In the past decade, more than 600 men, women and children took their lives in English and Welsh prisons. The number of suicides has nearly doubled in the past 10 years. I do not have the figures for Scotland and Northern Ireland, but I have heard nothing to indicate that levels there are lower than in England and Wales.

Two thirds of suicides are by prisoners on remand--people who have not been convicted of a crime. Yet remand prisoners constitute only about a fifth of the prison population, and many remand prisoners are subsequently found not guilty or given a non-custodial sentence. The Howard League for Penal Reform reports:

That is a shocking indictment of our prison system as it relates to remand prisoners.
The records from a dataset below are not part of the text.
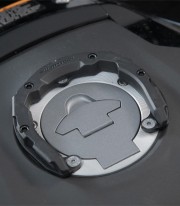 Anillo de Depósito PRO para Yamaha MT-03 (21-24), MT-03 ABS (20-22) SW-MOTECH TRT.00.787.31600/B TRT.00.787.31600/B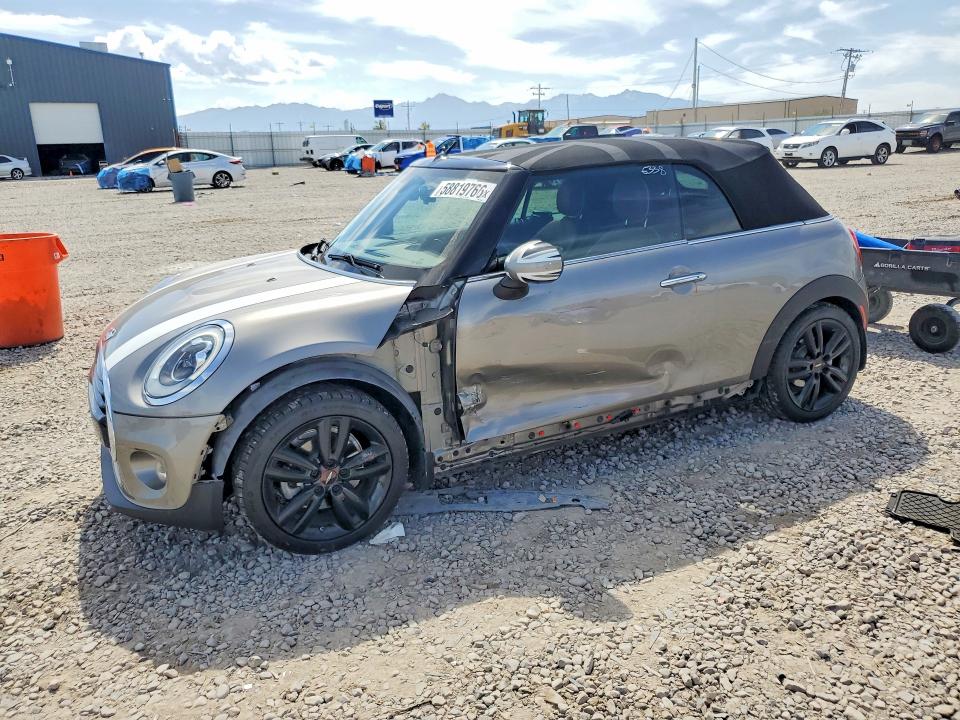 2017 MINI COOPER - 1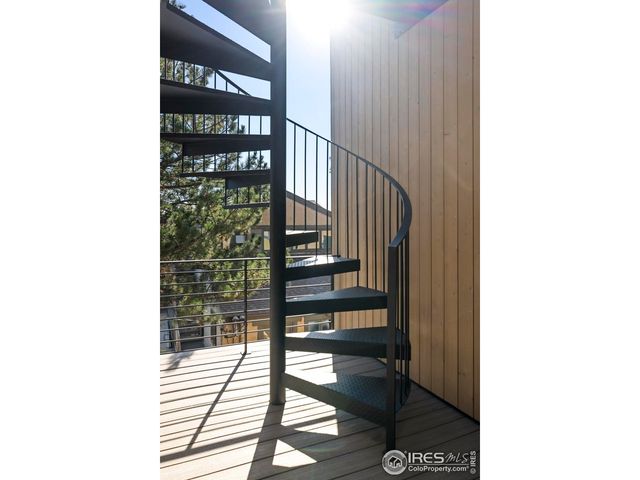 2709 Pine St, Boulder, CO 80302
Today's debate is not about whether we have too many people in prison, although I believe we do; nor is it about calling on the Government to reduce the prison population, although I wish they would at least bring the UK's figures into line with those of all the other countries in the European Community. Today's debate is exclusively about the unacceptable number of suicides in our prisons and about one specific measure that should be taken more seriously than it currently is, so that suicides would become extremely rare rather than commonplace, as, sadly, they are at the moment. A suicide rate 10 times higher than that for the population at large indicates that there is something fundamentally wrong with prison life that needs to be addressed.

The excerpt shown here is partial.